RECORDS TO PROCESS
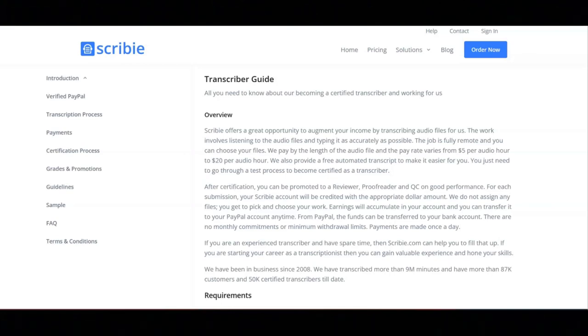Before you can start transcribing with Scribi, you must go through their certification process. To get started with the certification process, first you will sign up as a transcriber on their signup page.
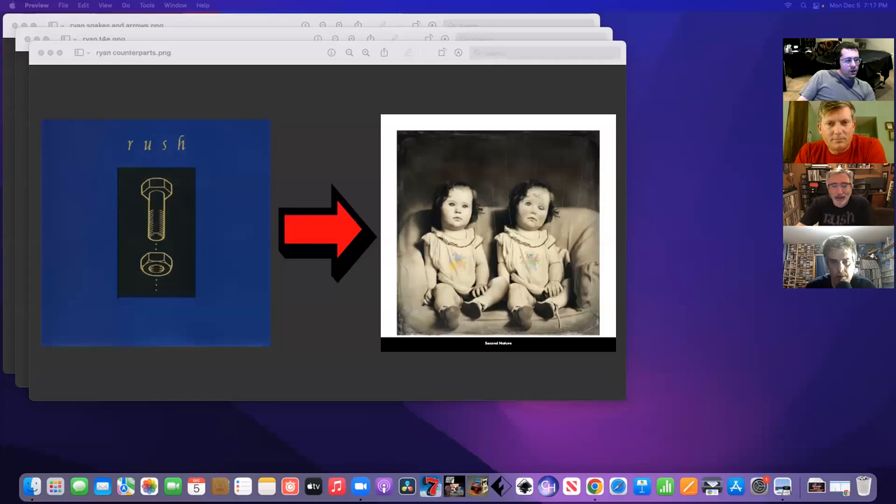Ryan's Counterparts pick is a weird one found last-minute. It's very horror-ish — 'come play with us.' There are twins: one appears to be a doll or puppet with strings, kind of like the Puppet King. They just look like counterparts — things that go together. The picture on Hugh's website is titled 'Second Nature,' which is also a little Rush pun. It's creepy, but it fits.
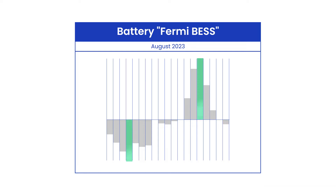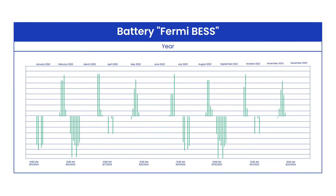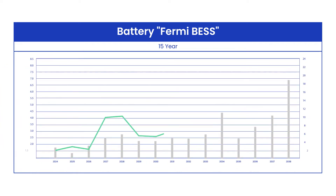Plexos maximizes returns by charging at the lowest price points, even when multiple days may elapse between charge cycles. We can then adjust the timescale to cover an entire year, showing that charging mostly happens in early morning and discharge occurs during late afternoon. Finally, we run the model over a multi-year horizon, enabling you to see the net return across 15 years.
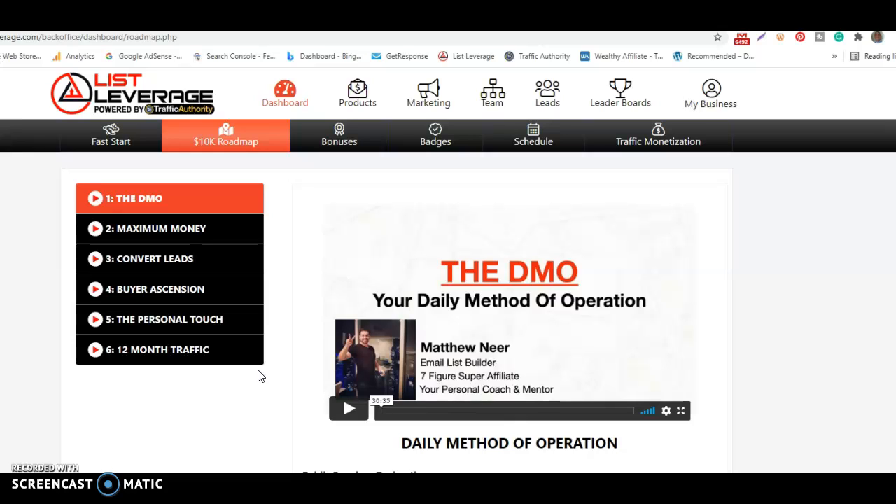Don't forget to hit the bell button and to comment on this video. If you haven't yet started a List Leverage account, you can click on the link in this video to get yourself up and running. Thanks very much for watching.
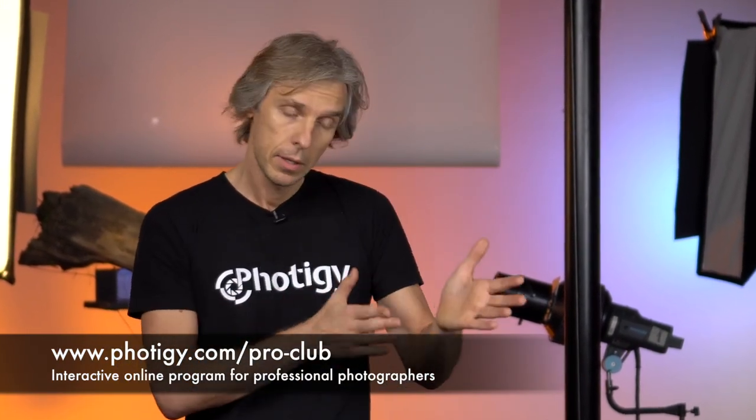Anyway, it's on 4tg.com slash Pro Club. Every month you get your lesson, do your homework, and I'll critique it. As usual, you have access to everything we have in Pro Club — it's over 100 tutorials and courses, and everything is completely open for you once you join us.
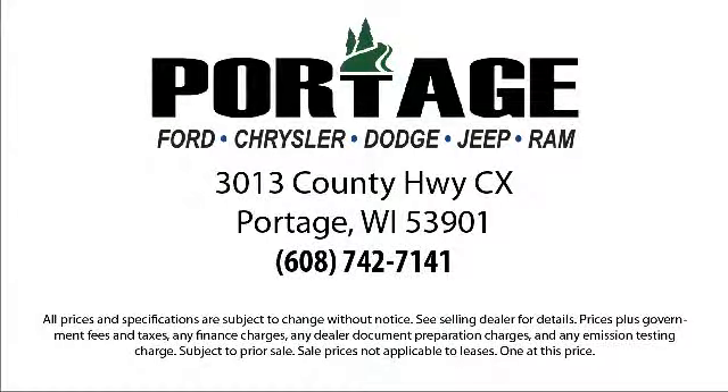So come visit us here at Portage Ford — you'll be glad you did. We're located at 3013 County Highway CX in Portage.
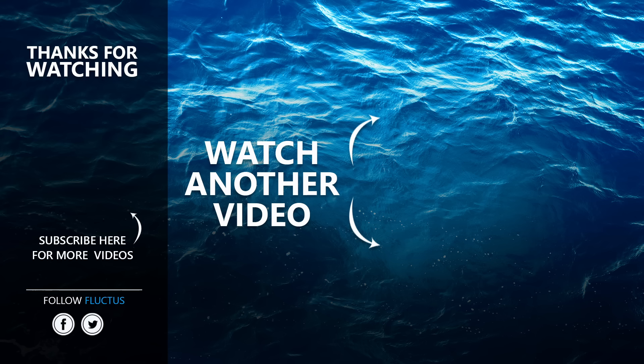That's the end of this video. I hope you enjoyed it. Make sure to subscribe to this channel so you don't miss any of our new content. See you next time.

TASK GOAL
Please transcribe the listing above verbatim and exclude every picture.

ANSWER BOX
Before you can start transcribing with Scribi, you must go through their certification process. To get started with the certification process, first you will sign up as a transcriber on their signup page.
Ryan's Counterparts pick is a weird one found last-minute. It's very horror-ish — 'come play with us.' There are twins: one appears to be a doll or puppet with strings, kind of like the Puppet King. They just look like counterparts — things that go together. The picture on Hugh's website is titled 'Second Nature,' which is also a little Rush pun. It's creepy, but it fits.
Plexos maximizes returns by charging at the lowest price points, even when multiple days may elapse between charge cycles. We can then adjust the timescale to cover an entire year, showing that charging mostly happens in early morning and discharge occurs during late afternoon. Finally, we run the model over a multi-year horizon, enabling you to see the net return across 15 years.
Don't forget to hit the bell button and to comment on this video. If you haven't yet started a List Leverage account, you can click on the link in this video to get yourself up and running. Thanks very much for watching.
Anyway, it's on 4tg.com slash Pro Club. Every month you get your lesson, do your homework, and I'll critique it. As usual, you have access to everything we have in Pro Club — it's over 100 tutorials and courses, and everything is completely open for you once you join us.
So come visit us here at Portage Ford — you'll be glad you did. We're located at 3013 County Highway CX in Portage.
That's the end of this video. I hope you enjoyed it. Make sure to subscribe to this channel so you don't miss any of our new content. See you next time.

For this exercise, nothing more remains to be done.